■ Dataset excerpts:
━━━━━━

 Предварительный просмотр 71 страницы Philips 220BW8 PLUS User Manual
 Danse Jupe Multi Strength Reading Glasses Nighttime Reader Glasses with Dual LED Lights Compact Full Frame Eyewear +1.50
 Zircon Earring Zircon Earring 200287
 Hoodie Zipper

━━━━━━

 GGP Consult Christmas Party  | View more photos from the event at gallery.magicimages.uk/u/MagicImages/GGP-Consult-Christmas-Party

━━━━━━

Set down, from the entries above, exactly the lines from the one with "Zircon Earring Zircon Earring 200287" up to and including the one with "Hoodie Zipper", and no other lines.

■ Answer:
 Zircon Earring Zircon Earring 200287
 Hoodie Zipper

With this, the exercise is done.